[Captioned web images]
▬▬▬▬▬▬▬▬▬▬

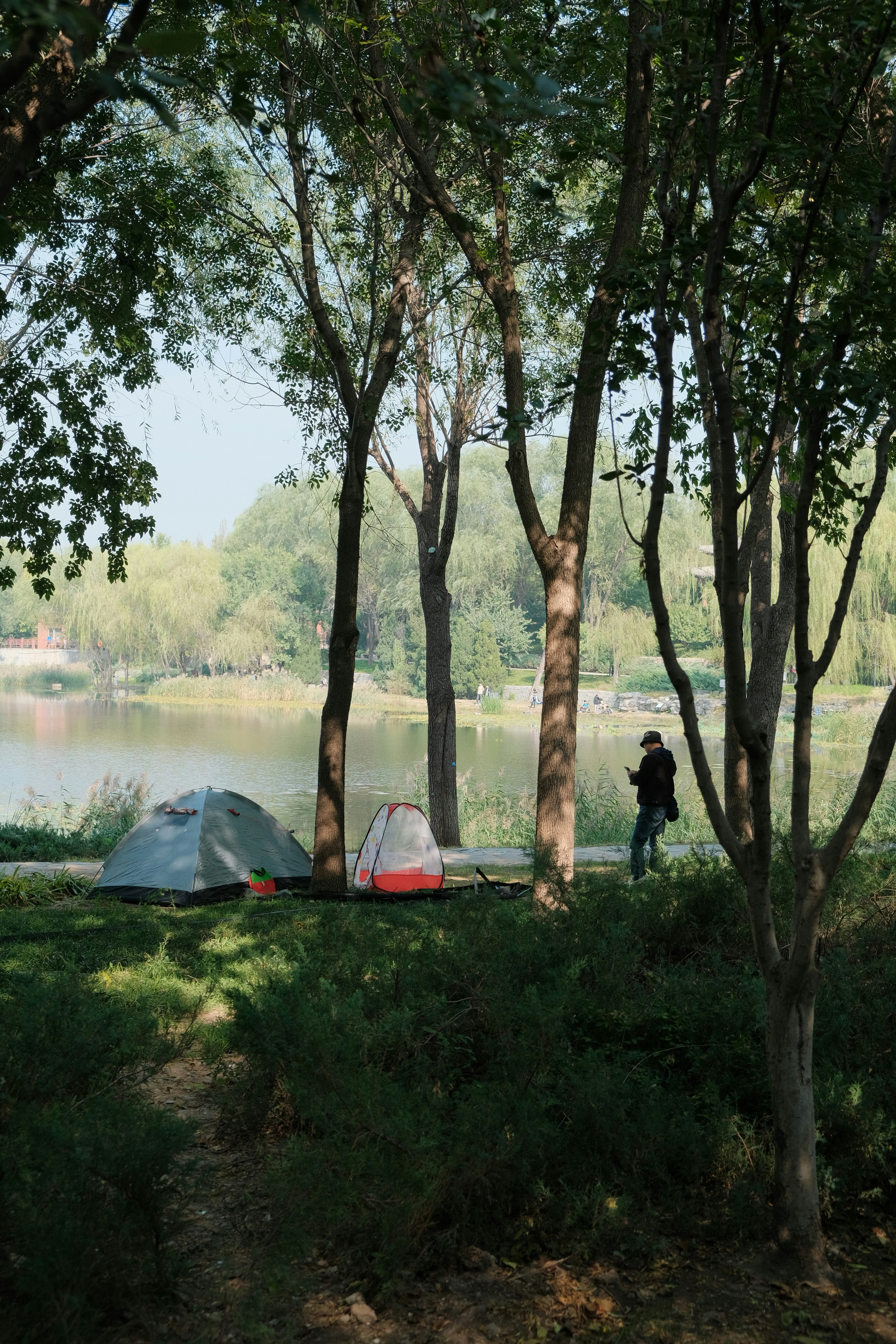 A tent set up in the woods next to a lake photo – Free Outdoors Image ...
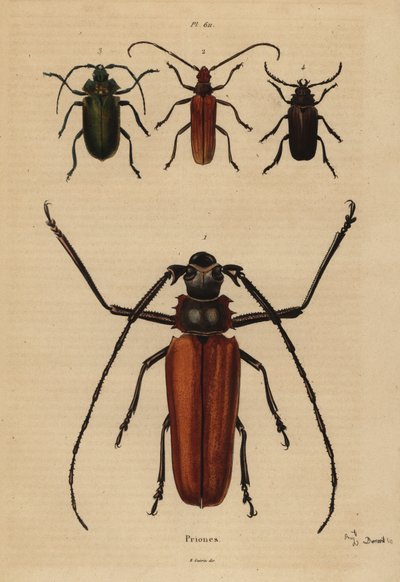 Büyük uzun boynuz böceği, Enoplocerus armillatus 1, Aegosoma scabricorne 2, Pyrodes nitidus 3 ve Prionus desmaretii 4 by Unbekannt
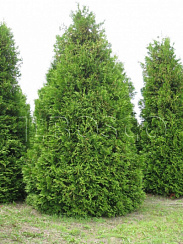 Туя западная 'Брабант' (Thuja occidentalis 'Brabant')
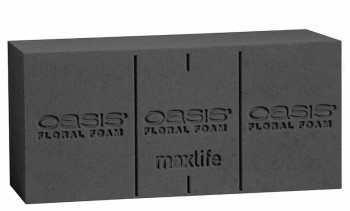 Oasis Midnight Maxlife Standard Foam Blocks S/24 New Black Biodegradable Floral Foam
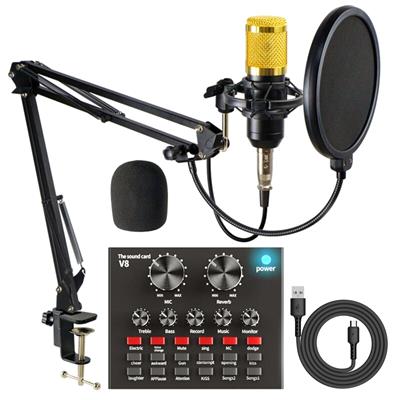 BM800 USB Condenser Mic With V8 Mixer Sound Card Kit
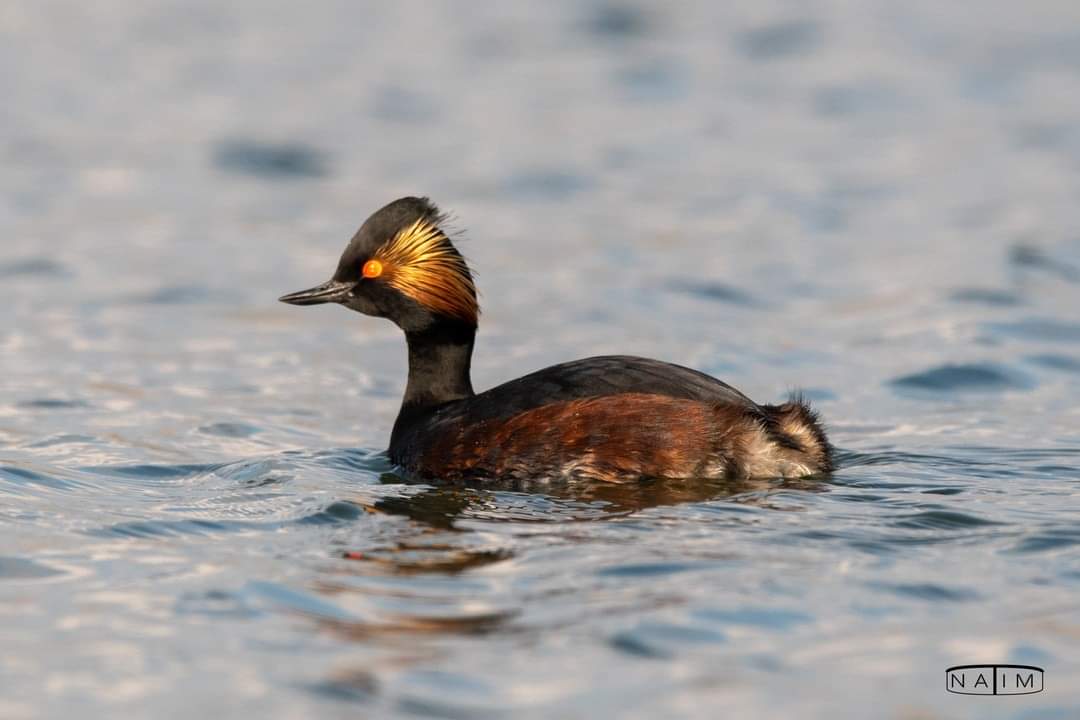 Le retour du printemps avec les oiseaux d'eau, les passereaux et les rapaces de la réserve naturelle ornithologique du Blankaart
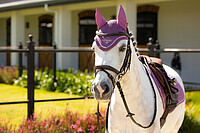 Le Mieux Classic Fly Hood  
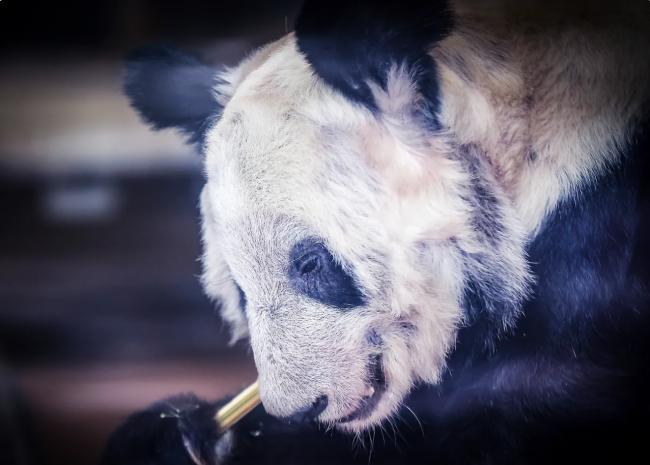 在美国大熊猫乐乐死亡 中国相关部门表关切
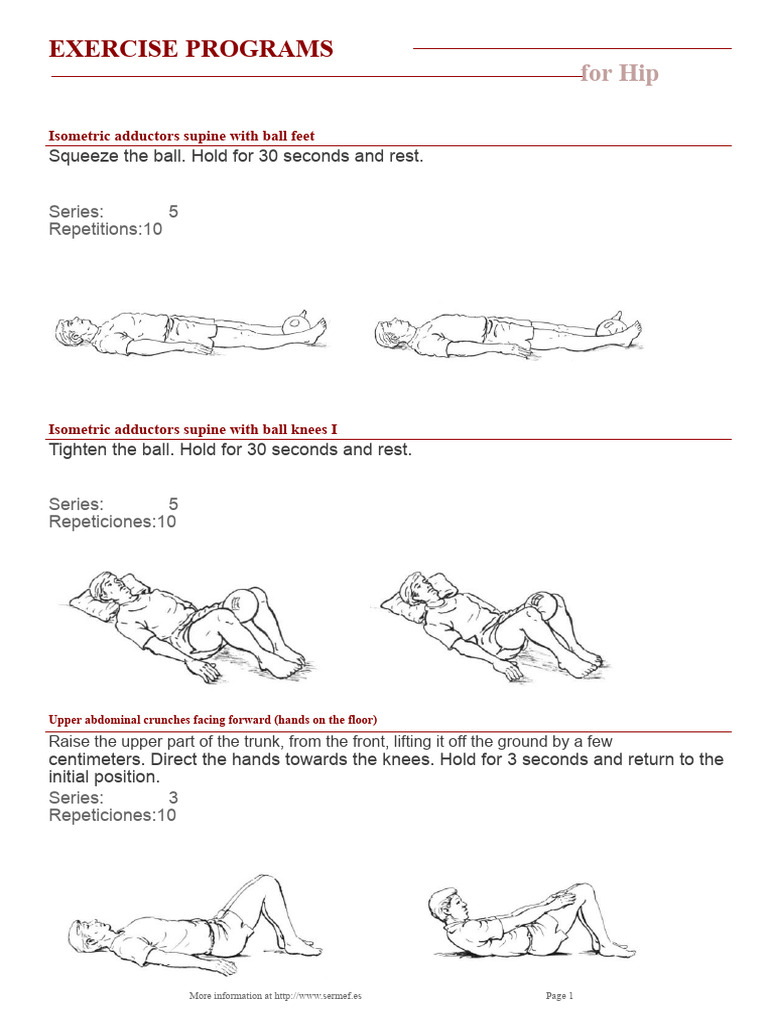 Hip Exercise Program Guide | PDF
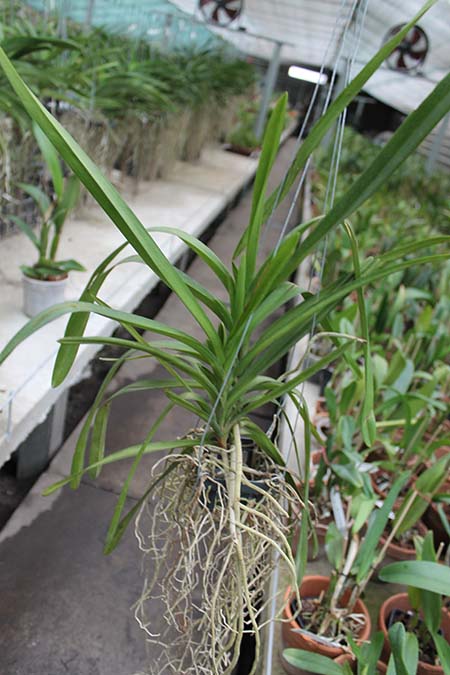 Rhynchorides Memoria Suranaree.jpg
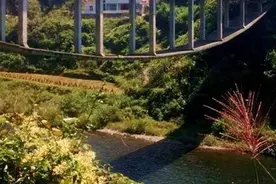 设计师吴琦瑛仅初中学历，却造出悬空"神桥"，施工图是否拿反了？图片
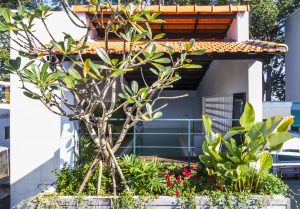 Nhà phố "phong cách nghỉ dưỡng" ở trung tâm Sài Gòn 11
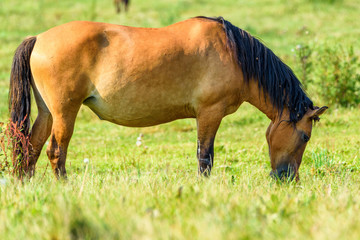 Fototapeta premium thoroughbred mare in a meadow lonely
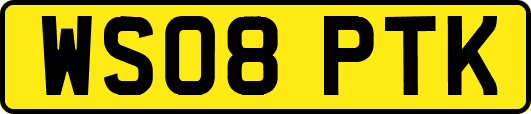 WS08PTK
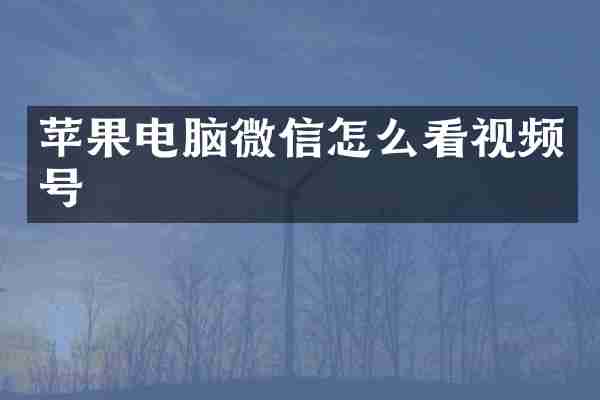 苹果电脑微信怎么看视频号
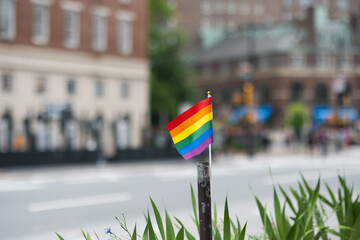 Pride flag in the city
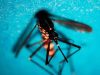 West Nile, primo caso di infezione in Veneto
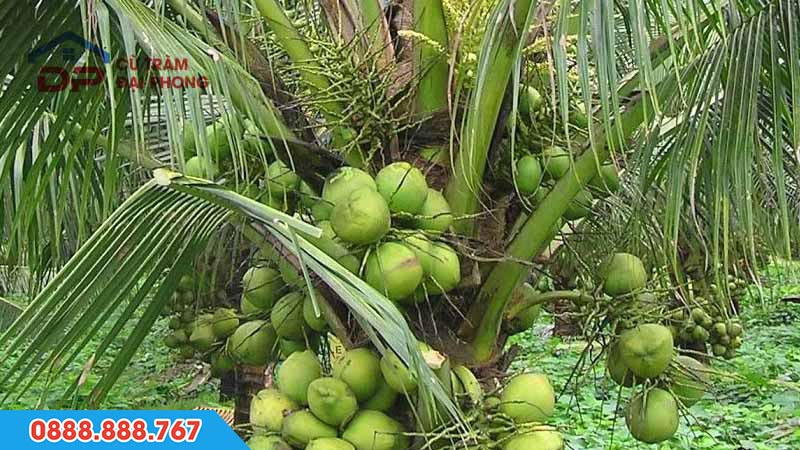 Đặc điểm sinh thái cây dừa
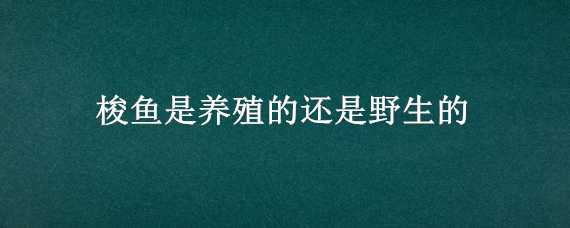 梭鱼是养殖的还是野生的 梭鱼是野生的吗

▬▬▬▬▬▬▬▬▬▬

Start with the first line of the records above and end with the line containing "Pride flag in the city". Output those lines exactly, pictures excluded.

- Result -
 A tent set up in the woods next to a lake photo – Free Outdoors Image ...
 Büyük uzun boynuz böceği, Enoplocerus armillatus 1, Aegosoma scabricorne 2, Pyrodes nitidus 3 ve Prionus desmaretii 4 by Unbekannt
 Туя западная 'Брабант' (Thuja occidentalis 'Brabant')
 Oasis Midnight Maxlife Standard Foam Blocks S/24 New Black Biodegradable Floral Foam
 BM800 USB Condenser Mic With V8 Mixer Sound Card Kit
 Le retour du printemps avec les oiseaux d'eau, les passereaux et les rapaces de la réserve naturelle ornithologique du Blankaart
 Le Mieux Classic Fly Hood  
 在美国大熊猫乐乐死亡 中国相关部门表关切
 Hip Exercise Program Guide | PDF
 Rhynchorides Memoria Suranaree.jpg
 设计师吴琦瑛仅初中学历，却造出悬空"神桥"，施工图是否拿反了？图片
 Nhà phố "phong cách nghỉ dưỡng" ở trung tâm Sài Gòn 11
 Fototapeta premium thoroughbred mare in a meadow lonely
 WS08PTK
 苹果电脑微信怎么看视频号
 Pride flag in the city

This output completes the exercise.